Oil prices rebounded slightly by midday in Asia after falling by nearly 7 percent after Iran stayed away from a weekend meeting in Qatar of 18 oil producing nations that had been expected to reach an accord on freezing production to support crude oil prices.
“Expectations for the talks to end with an agreement were high, and the lack of one damaged the credibility of future meetings to support the oil market,” Bernard Aw of IG said in a commentary.
“Asia is set for a negative start to the week, given this development. Commodities are expected to be beaten back today, and this would have consequences for equities, especially energy and material counters,” he said.
U.S. crude oil fell $1.89 to $38.47 a barrel in electronic trading on the New York Mercantile Exchange, down 4.7 percent. It sank to a low of $37.61 a barrel, down 6.8 percent before regaining some of that loss.
Brent crude oil, which is used to price international crude oil, fell $1.81 to $41.29 a barrel early Monday, down 4.2 percent. It tumbled 7 percent in earlier trading.
Oil-related stocks fell sharply, with China’s offshore oil and gas producer CNOOC and refiner Sinopec both down about 3 percent in Hong Kong while commodity shares such as Australian mining giant BHP Billiton lost 3.2 percent.

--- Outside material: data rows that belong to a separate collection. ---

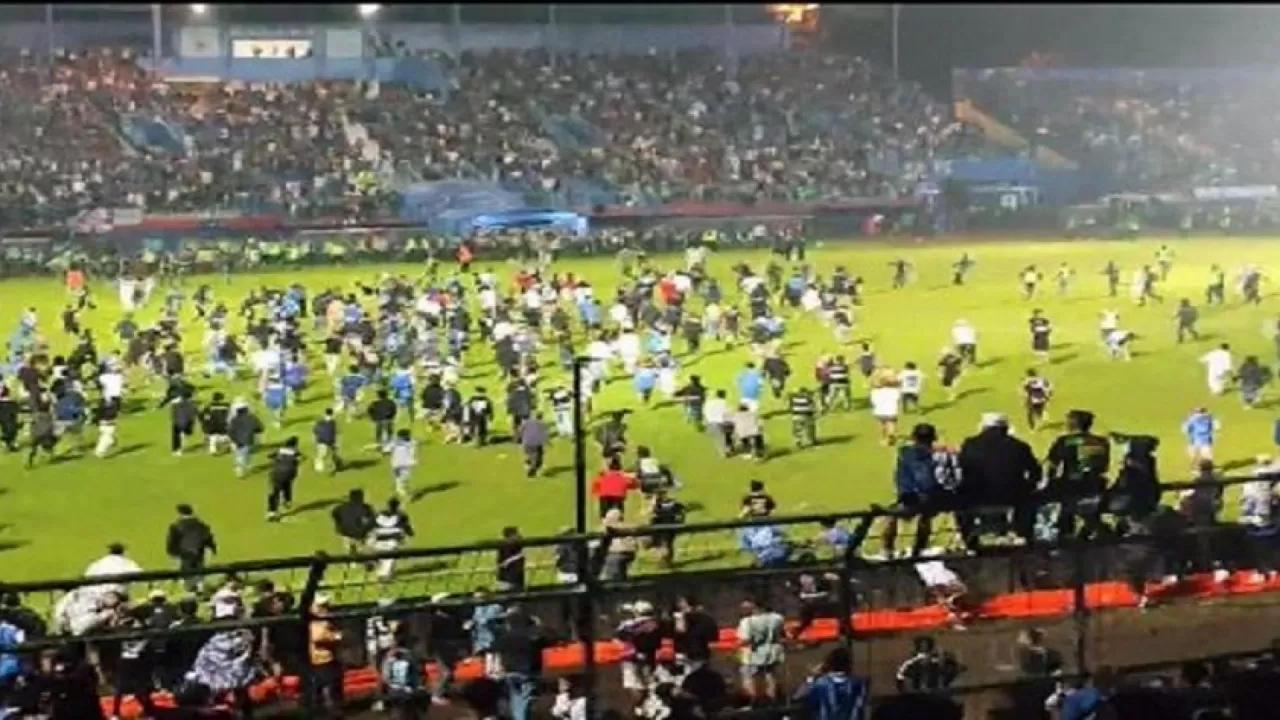 Индонезиядағы футбол матчынан кейін 127 адам қайтыс болды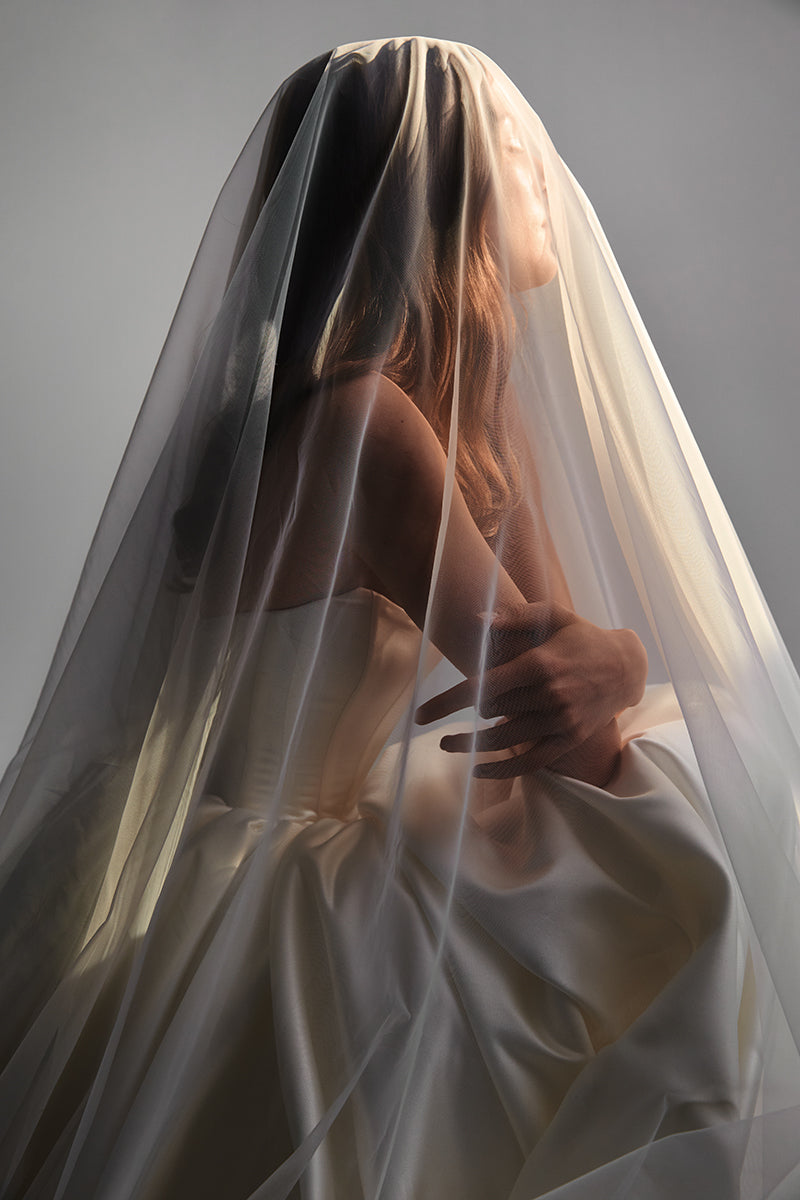 ETERNA DRESS SATIN IN OFF-WHITE - CULT MIA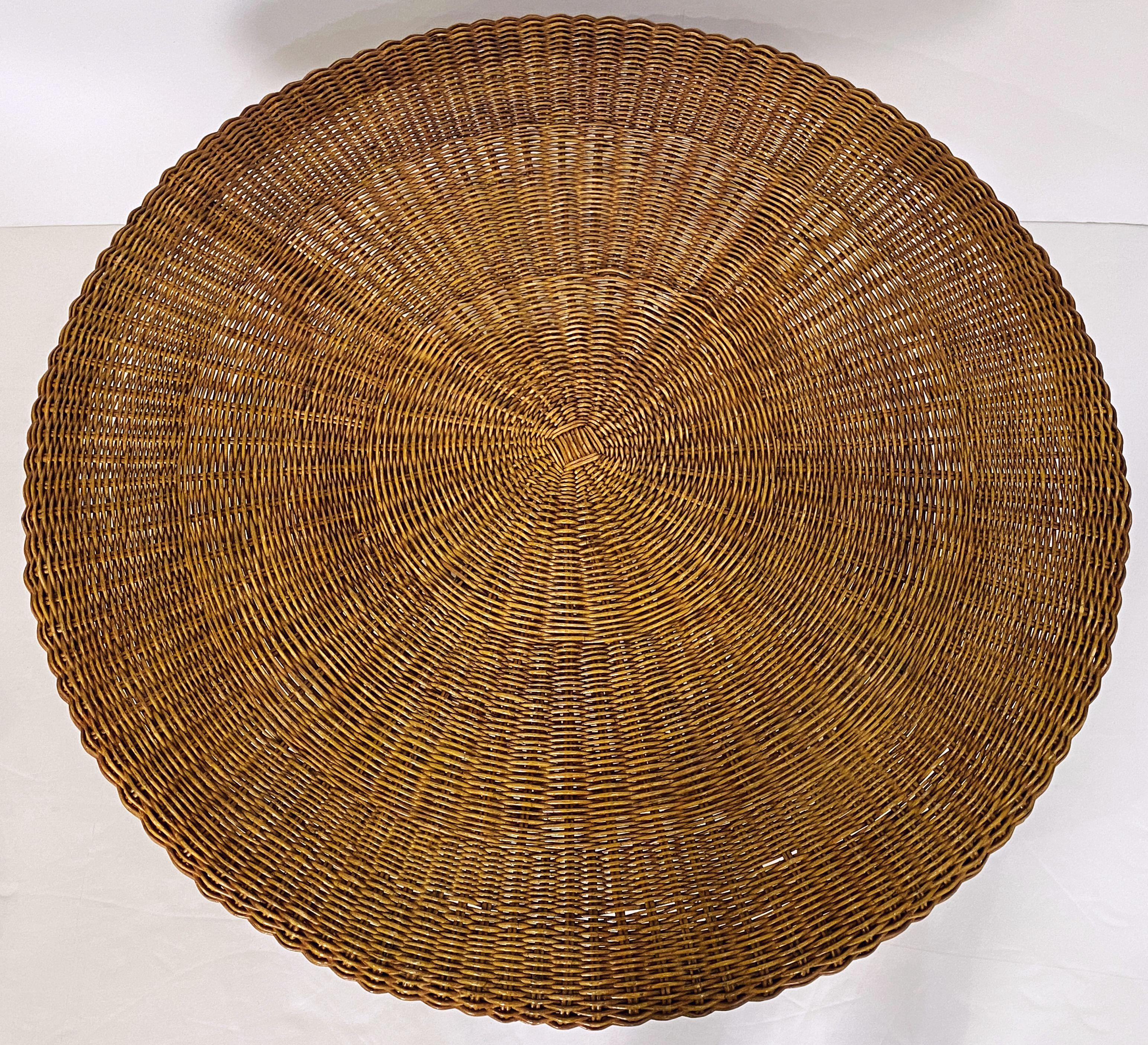 Italian Mid-Century Round Coffee or Low Table of Wicker and Rattan from Italy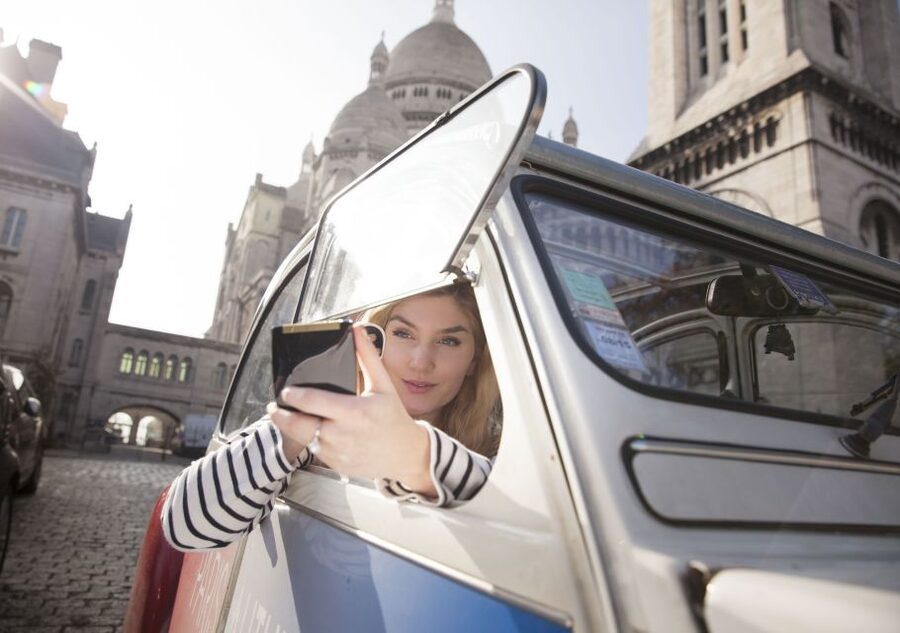 Romantic Paris Vintage Citroën 2CV Tour - The guide can make or break the experience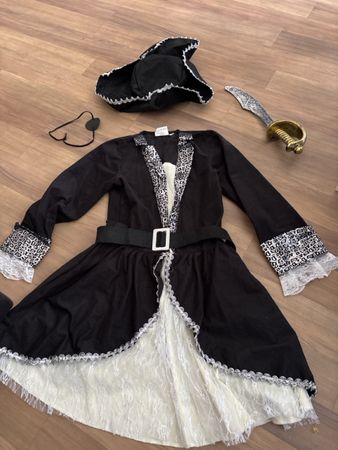 Piratenkostüm Gr. 10–12 Jahre – 4-teilig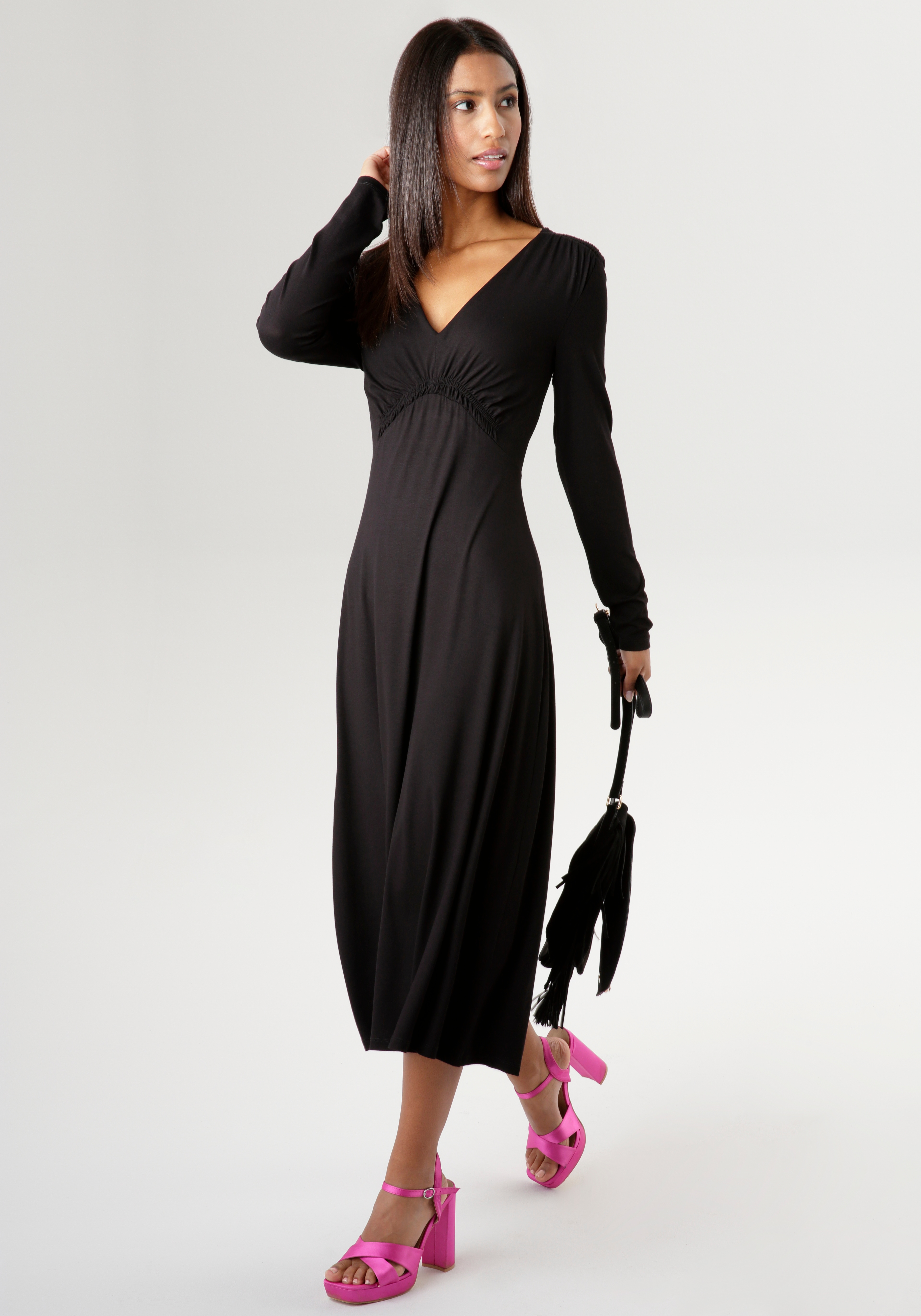 Midikleid ANISTON SELECTED, Damen, Gr. 40, N-Gr, schwarz, Single Jersey, Obermaterial: 95% Viskose, 5% Elasthan, unifarben, feminin, figurumspielend Midi, tiefer V-Ausschnitt, Kleider, mit drapierter Unterbrustnaht Image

The slide in oil prices also dragged down currencies of resource-dependent countries. The Australian dollar fell 0.7 percent to 76.7 cents while the dollar rose 0.9 percent to 3.94 Malaysian ringgit.
“The collapse of the oil production freeze summit has caused a wave of selling across the commodity block currencies at today’s open,” Stephen Innes, senior trader at OANDA, said in a note to clients. “Traders will be closely monitoring oil prices and the knock-on effect on global equity markets. All of which should increase volatility and keep traders on the edge of their seats for most of the (Asia-Pacific) session.”
Oil prices hit a 12-year low in January, dipping under $30 a barrel, but had risen above $40 in recent days, buoyed by bullish talks surrounding the Doha meeting.
While the deal’s collapse sets a downbeat tone for the start of the trading week, investors will remain cautious as they await other news trickling out over the next few days for hints on the global economy’s health, including quarterly earnings, U.S. housing data and a European Central Bank meeting.
“People are just sitting on the sidelines still,” said Andrew Sullivan of Haitong Securities. “People are very wary of what they’re going to do with their money.”
Investor sentiment in Japan was also pressured as the yen hovered near its strongest level in 18 months crimping the outlook for the country’s exporters.
The dollar slipped 0.8 percent to 107.91 yen from 108.81. The euro was flat at $1.1282.
Major U.S. stock benchmarks ended Friday with small losses but were up for the week. The Dow Jones industrial average fell 0.2 percent to 17,897.46, the Standard & Poor’s 500 index lost 0.1 percent to 2,080.73 and the Nasdaq composite index dipped 0.2 percent to 4,938.22.